Box tersipu malu. Tak hanya pipinya yang merona, telinganya juga ikut merona merah. Box bilang, dari seratus ton batuan, hanya tiga persen yang diolah lagi untuk disaring kembali kandungan emasnya. Sedang berton ton lainnya dibuang sebagai limbah. Bisa jadi satu gram emas yang ada di tubuh kita berbanding dengan satu ton limbah. Ah, Box tak hanya cantik, tapi juga memiliki wawasan lingkungan yang menarik. Kala kutanyakan padanya, apa yang bisa kita lakukan untuk membuktikan keberadaan harimau jawa, dia bilang, banyak sekali yang bisa dilakukan. Sayang dunia internasional ingin bukti yang paling otentik, selembar poto. Padahal hewan itu hanya mau menampakkan diri pada penduduk sekitar yang sudah bertahun tahun hidup berdampingan. Mereka tidak akan membawa kamera kalau hanya untuk mencari kayu bakar. Kalaupun mereka ngotot bercerita pada dunia, siapa yang percaya dengan rakyat jelata? Mereka bilang, itu adalah data yaang tidak komprehensif. Saat kutanyakan kenapa harimau jawa tidak pernah tertangkap kamera yang sengaja dipasang? Bukankah katanya itu menggunakan infra merah?

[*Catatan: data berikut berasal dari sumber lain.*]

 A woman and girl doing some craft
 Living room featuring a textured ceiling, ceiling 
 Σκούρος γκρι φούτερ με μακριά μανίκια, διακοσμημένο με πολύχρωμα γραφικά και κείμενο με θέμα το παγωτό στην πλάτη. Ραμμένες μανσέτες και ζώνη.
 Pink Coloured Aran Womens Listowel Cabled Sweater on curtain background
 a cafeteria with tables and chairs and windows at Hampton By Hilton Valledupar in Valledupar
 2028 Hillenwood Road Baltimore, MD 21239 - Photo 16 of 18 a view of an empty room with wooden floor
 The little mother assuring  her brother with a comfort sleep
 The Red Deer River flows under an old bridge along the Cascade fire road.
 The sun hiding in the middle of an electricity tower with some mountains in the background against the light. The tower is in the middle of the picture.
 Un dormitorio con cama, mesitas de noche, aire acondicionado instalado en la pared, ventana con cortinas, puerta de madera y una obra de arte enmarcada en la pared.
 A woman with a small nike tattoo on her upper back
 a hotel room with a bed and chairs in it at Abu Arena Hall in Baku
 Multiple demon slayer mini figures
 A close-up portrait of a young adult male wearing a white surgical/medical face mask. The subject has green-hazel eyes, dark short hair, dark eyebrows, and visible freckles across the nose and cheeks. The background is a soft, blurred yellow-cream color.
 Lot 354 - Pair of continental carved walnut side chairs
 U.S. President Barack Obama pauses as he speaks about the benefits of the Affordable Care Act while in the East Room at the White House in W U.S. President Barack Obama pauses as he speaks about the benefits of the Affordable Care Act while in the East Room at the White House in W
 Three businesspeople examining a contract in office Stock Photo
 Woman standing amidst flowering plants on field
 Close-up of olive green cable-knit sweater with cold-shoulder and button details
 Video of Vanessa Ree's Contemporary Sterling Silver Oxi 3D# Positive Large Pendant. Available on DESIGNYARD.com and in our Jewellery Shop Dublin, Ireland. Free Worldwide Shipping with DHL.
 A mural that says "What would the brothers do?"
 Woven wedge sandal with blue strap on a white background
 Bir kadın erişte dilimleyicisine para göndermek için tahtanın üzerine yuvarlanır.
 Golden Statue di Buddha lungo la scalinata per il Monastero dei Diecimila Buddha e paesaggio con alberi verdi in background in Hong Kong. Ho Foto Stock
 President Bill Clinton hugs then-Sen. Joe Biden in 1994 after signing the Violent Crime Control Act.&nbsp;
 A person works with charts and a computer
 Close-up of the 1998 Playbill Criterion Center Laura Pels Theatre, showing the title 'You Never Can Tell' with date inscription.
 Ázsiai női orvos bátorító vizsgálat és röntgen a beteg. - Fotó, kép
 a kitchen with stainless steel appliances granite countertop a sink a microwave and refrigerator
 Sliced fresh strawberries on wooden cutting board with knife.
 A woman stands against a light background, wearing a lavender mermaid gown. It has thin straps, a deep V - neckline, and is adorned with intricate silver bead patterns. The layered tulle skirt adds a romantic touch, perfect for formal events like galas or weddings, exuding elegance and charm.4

“Harimau jawa tidak sebodoh itu”
Itu yang dikatakan Box. Dan aku percaya. Dilihat dari besarnya kepala, pastilah besar otaknya lima kali dari otak nona. Dan itu berarti, setidaknya harimau jawa lima kali lebih hebat dari anjing. Aku nyengir sendiri demi menyadari bahwa daya nalarku terlalu konyol. Saat Box tanya kenapa aku senyum senyum sendiri, aku bilang kalau dia cantik. Dia jengah, tapi buru buru memberiku salam jari tengah. Untunglah kali ini tidak dengan terisak, tapi tersenyum. Hari semakin merangkak saat nona menggonggong.

Pada goresan yang ke dua ratus dua puluh dua..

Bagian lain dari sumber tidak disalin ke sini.